What I would add to your definition, to make a distinction from the common usage of compilation, is that the target language is on an approximately equivalent level of abstraction to the source. So, for example, Rust -> machine code is not transpilation, but Rust -> C++ is.

I think this is how the word is commonly understood, and it’s not useless (even if there’s no absolute standard of when it does or does not apply).

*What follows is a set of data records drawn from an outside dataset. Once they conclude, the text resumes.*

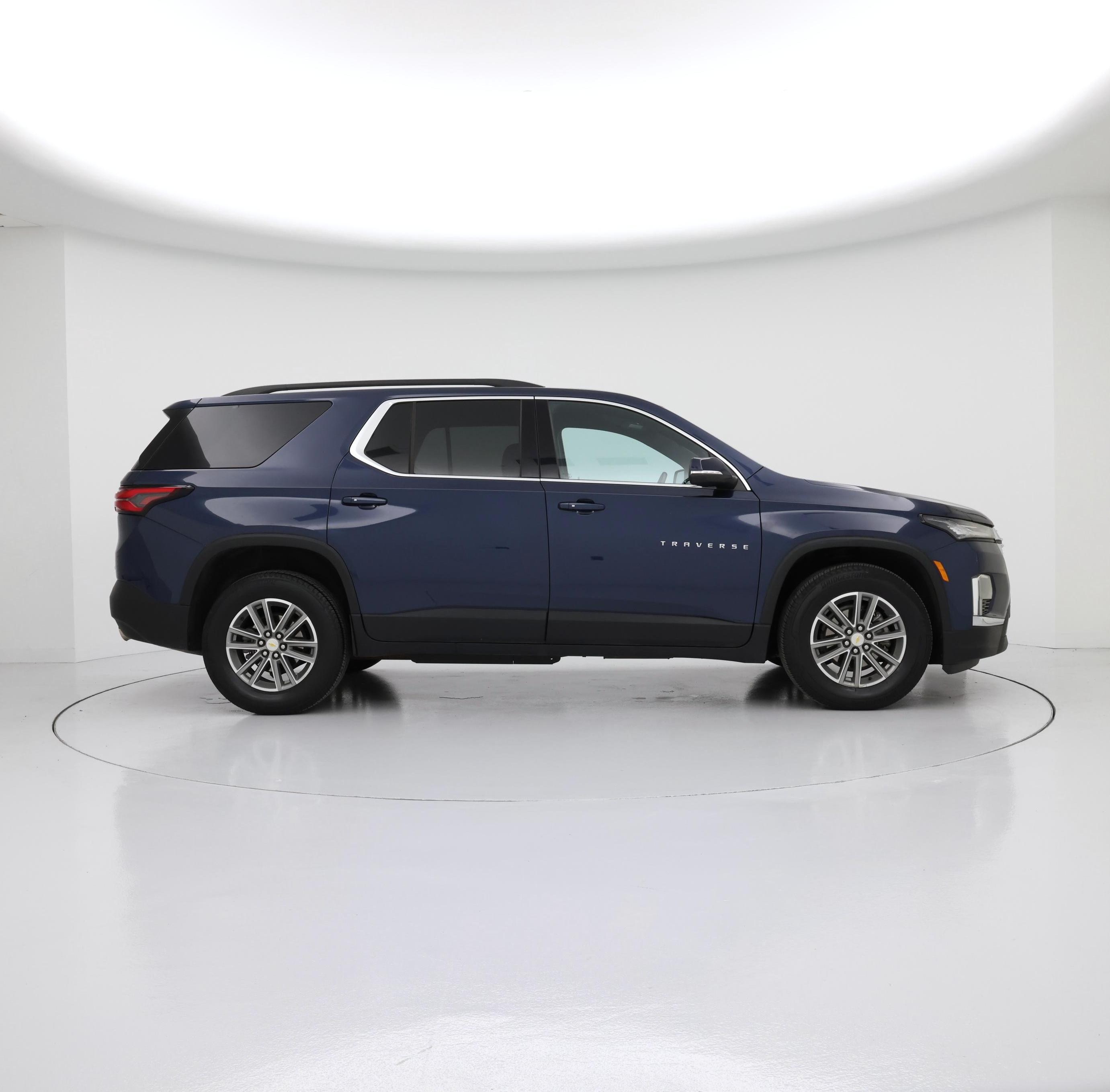 Thumbnail: 2023 Chevrolet Traverse - 7
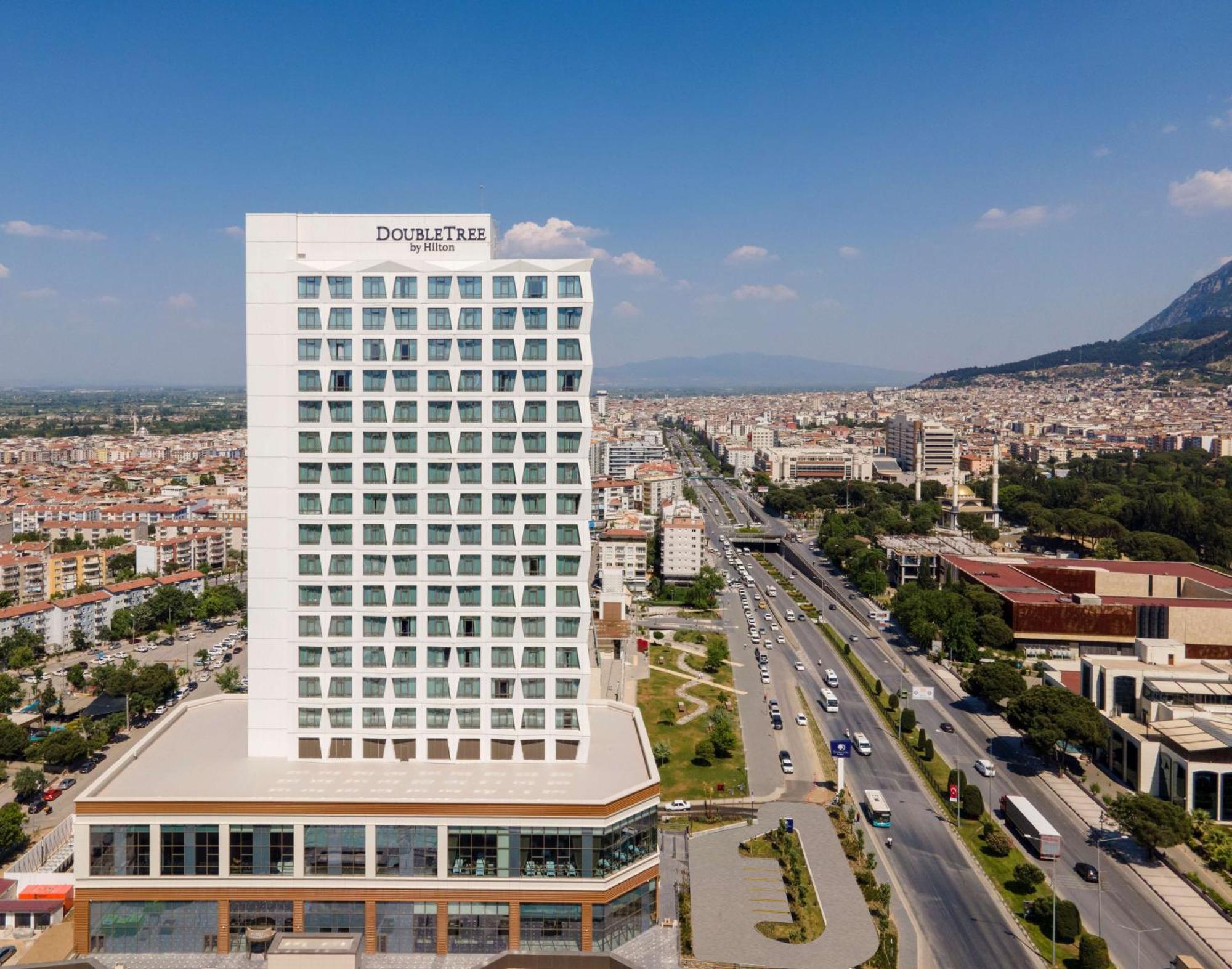Готель Doubletree By Hilton Маніса Екстер'єр фото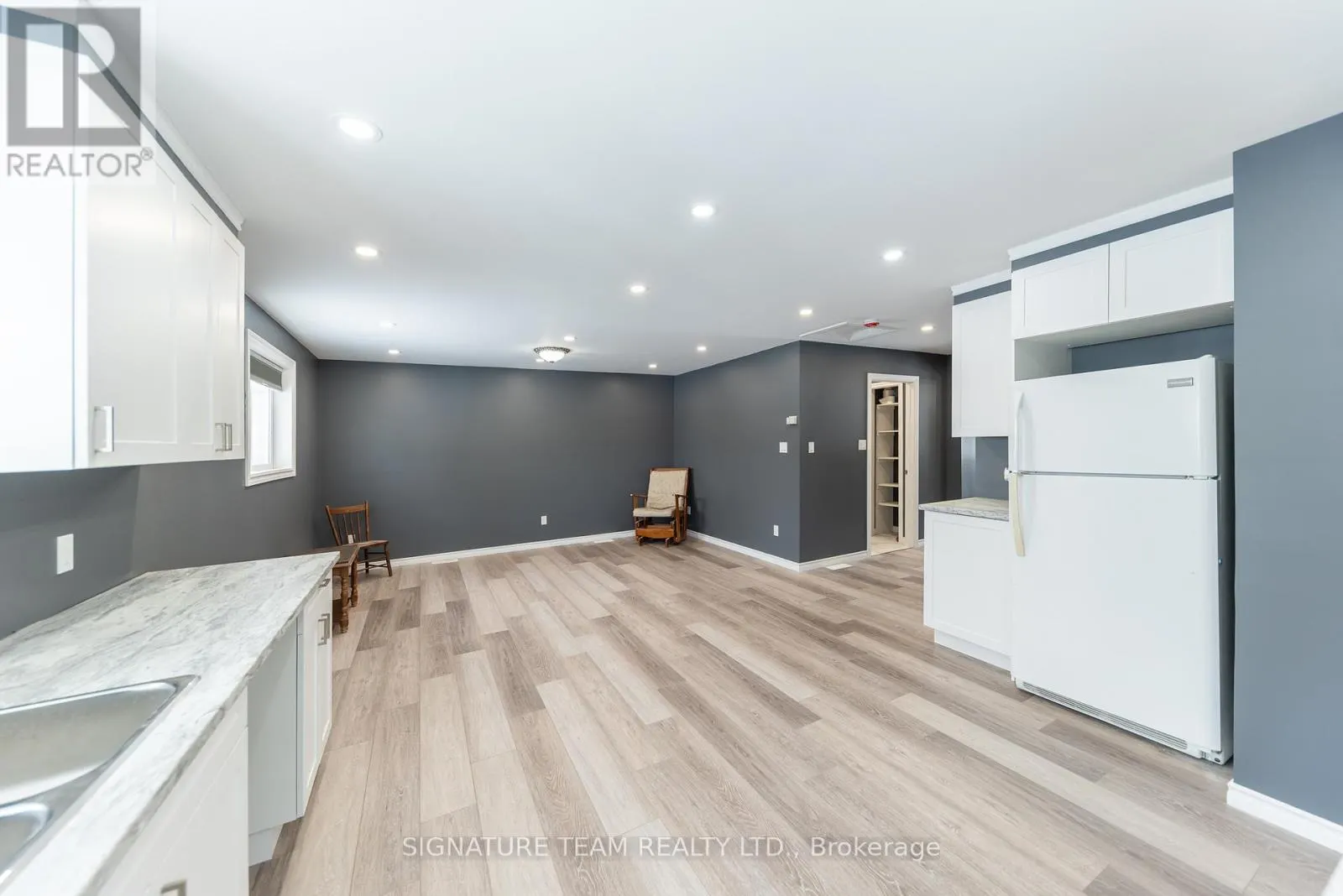 1131 WRIGHT ROAD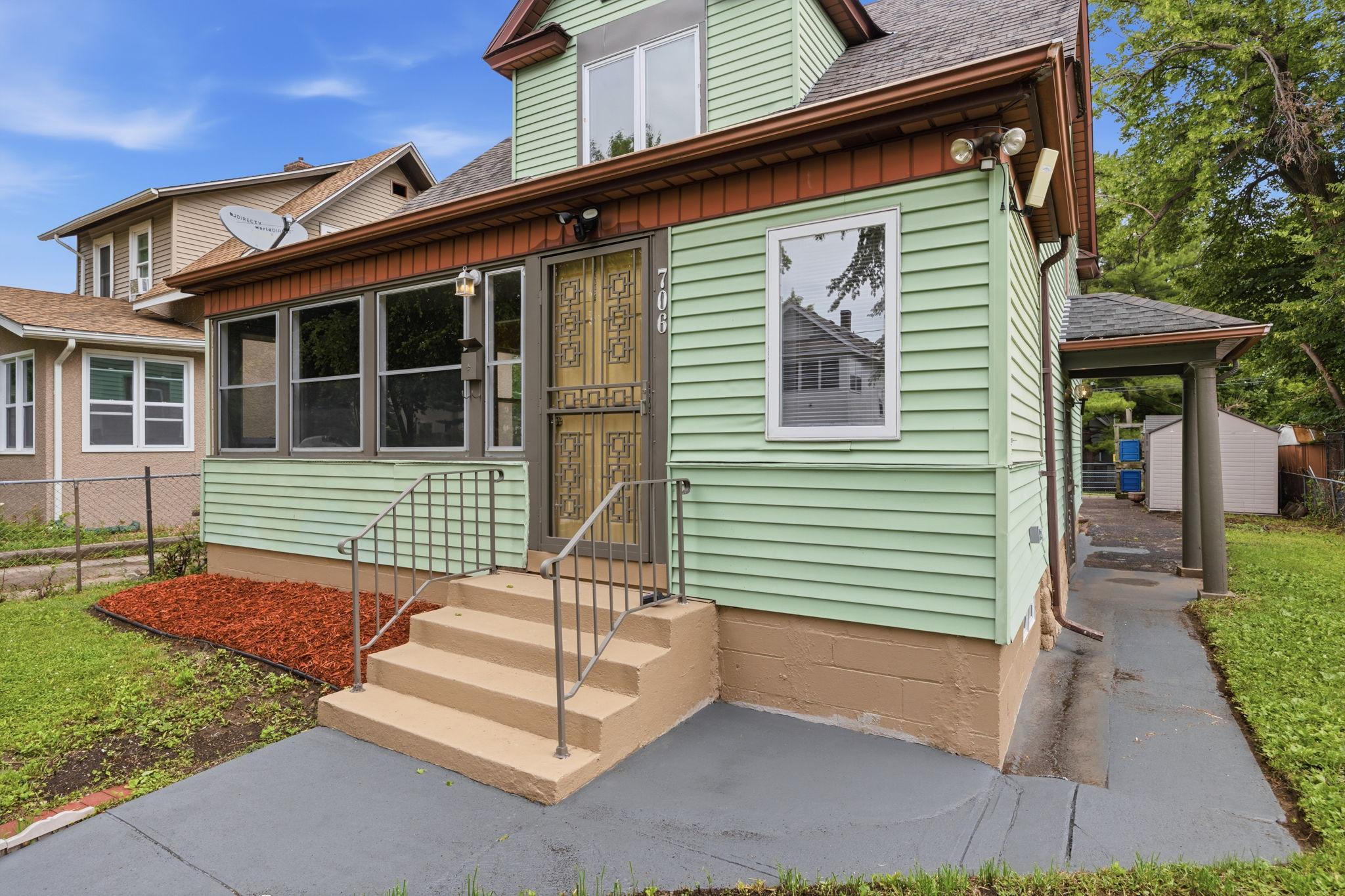 View of Residential at 706 Oliver Avenue, Minneapolis MN 55411, Minneapolis (2 of 23) - Mike Wilen | Minnesota Team Real Estate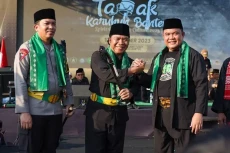 Pj Gubernur Banten Ajak...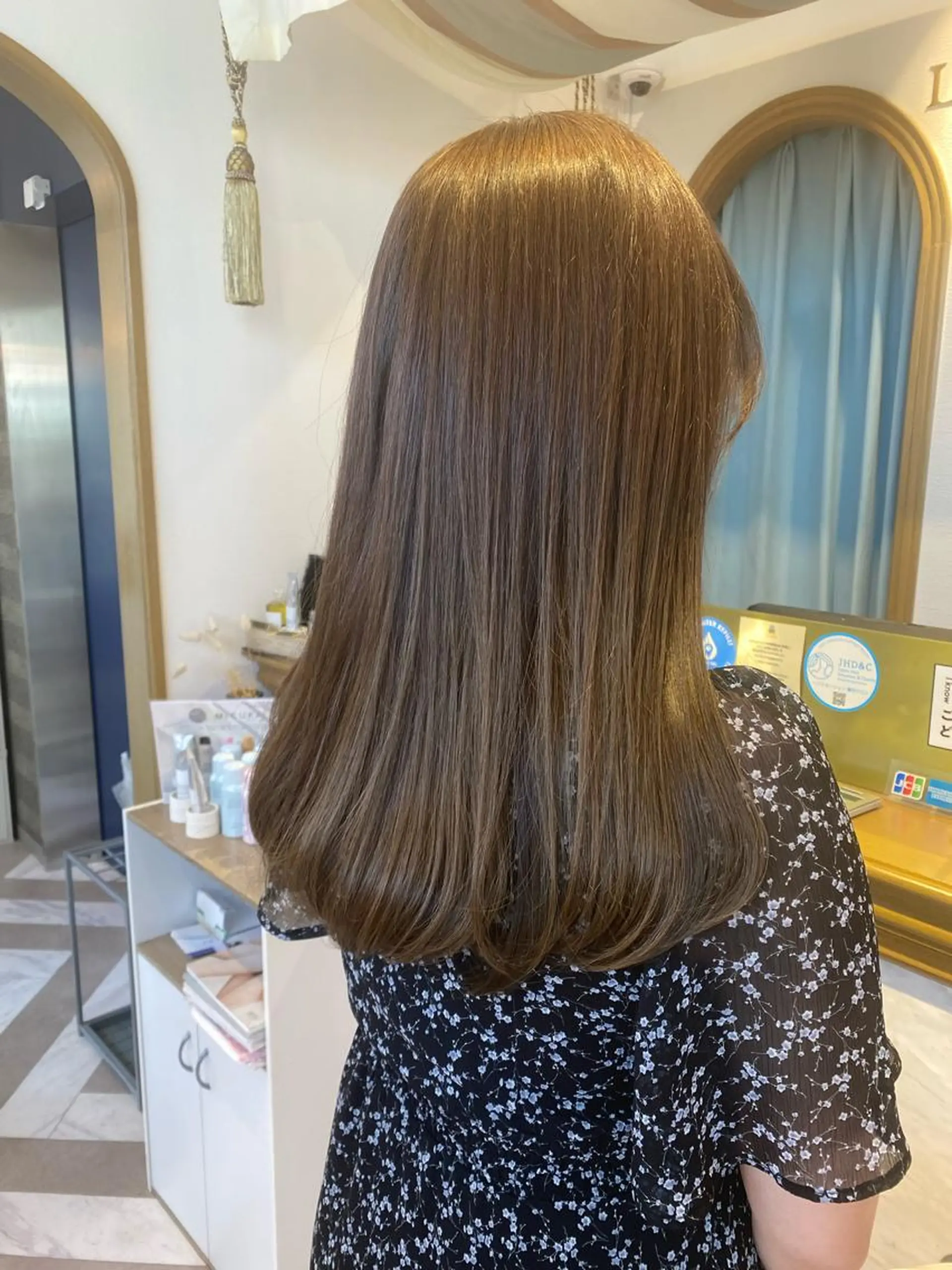 ミディアム カラー カット ヘアカラー 縮毛矯正 トリートメント レイヤーカット /透明感カラー西田のヘアスタイル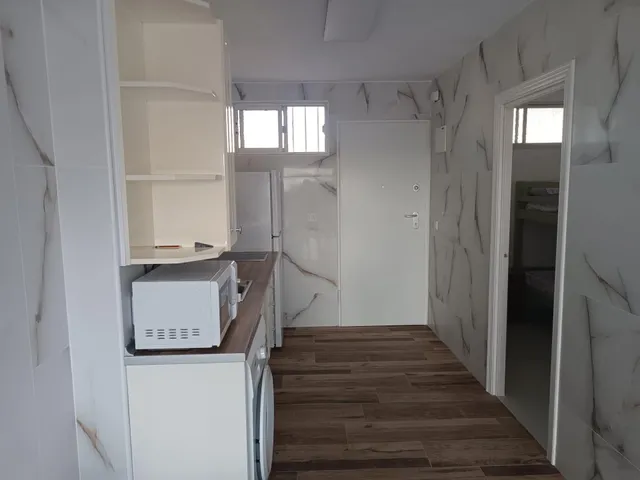 Apartamento en zona del Rincon de Loix. Reformado, 3 dormitorios, parking y piscina comunitaria. — 15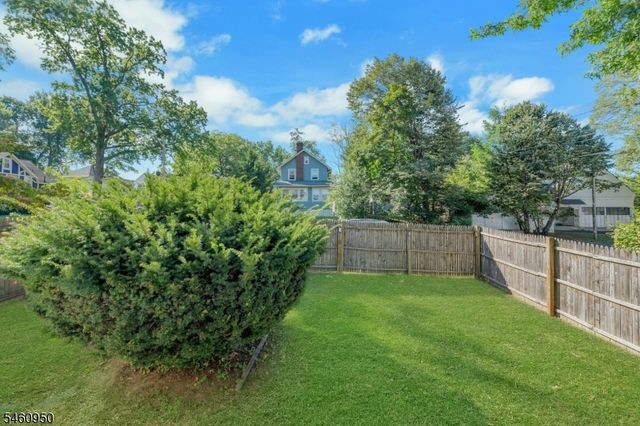 62 Elliot Pl, East Orange City, NJ 07018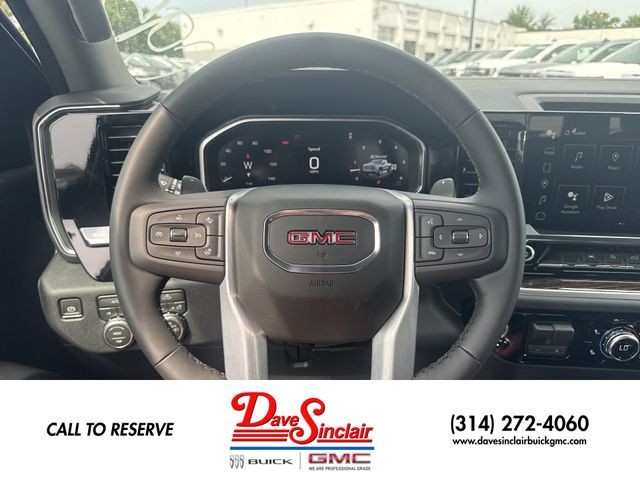 GMC Sierra 1500 Vehicle Full-screen Gallery Image 14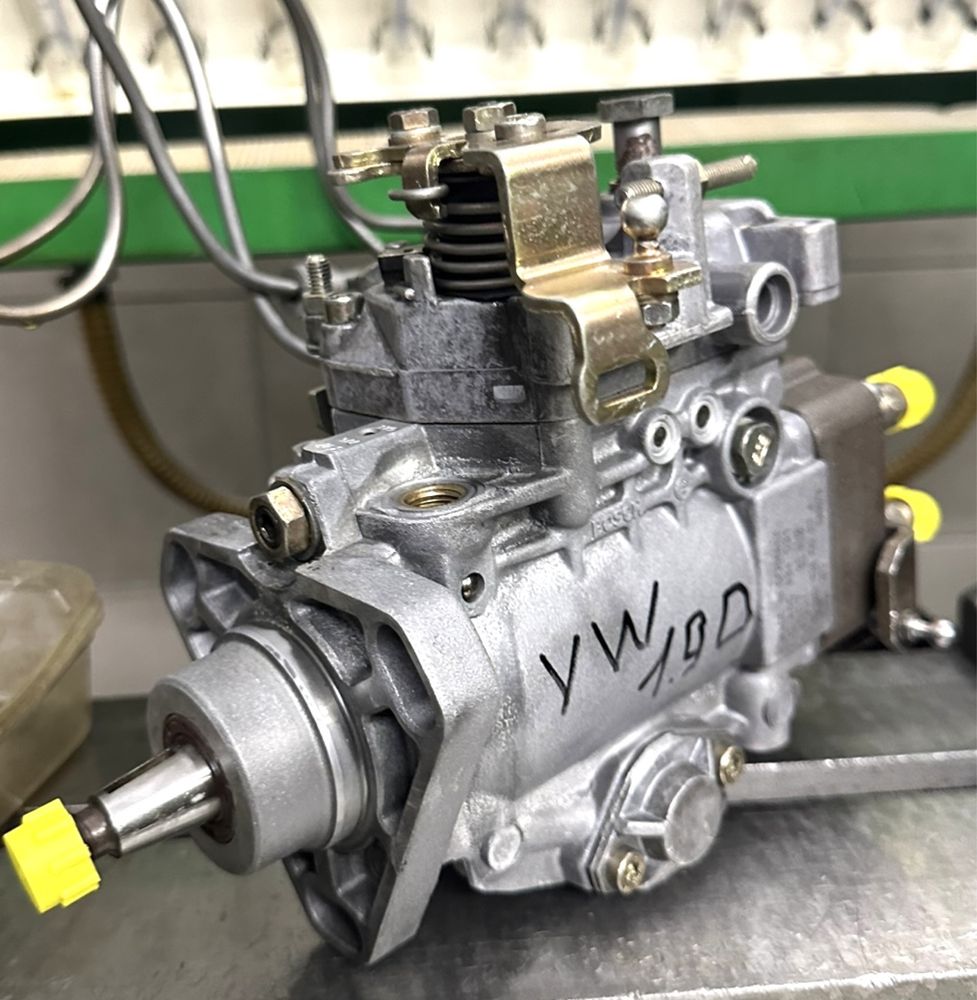 Топливный насос VW 1.9D, 1.9TD, 1.6D 2.4D Volkswagen тнвд фольцваген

Edit: sorry, realise I should have read the article before commenting. The article calls out my definition as one of their ‘lies’. I guess I just disagree with the article. Words can be useful even without a 100% watertight definition. They’re for communication as well as classification.

kryptiskt|3 months ago

One of the problems is that you might not use the target language at the equivalent level of abstraction. For example, C is a popular target language, but the C emitted may be very unidiomatic and nothing like human consumable code, it's not all that unusual that a language compiles all code to one big C function where the function calls in the language are jumps, which is a way to get around the limitations of the C calling conventions and stack.

The same thing applies to compilation to Javascript, the resulting code may use a tiny subset of the language.

I don't like the word transpiler, because there is nothing useful about the distinction (unless you count people using it to denigrate compilers that doesn't target traditional machine code).

I could see the case of using it as a name when the transformation is reversible, like you could probably turn Javascript back into Coffeescript.

writebetterc|3 months ago

What value does the word have? When I'm writing a compiler, it doesn't matter whether I target C or asm, or Javascript, as my output language. I'll still write it the same way.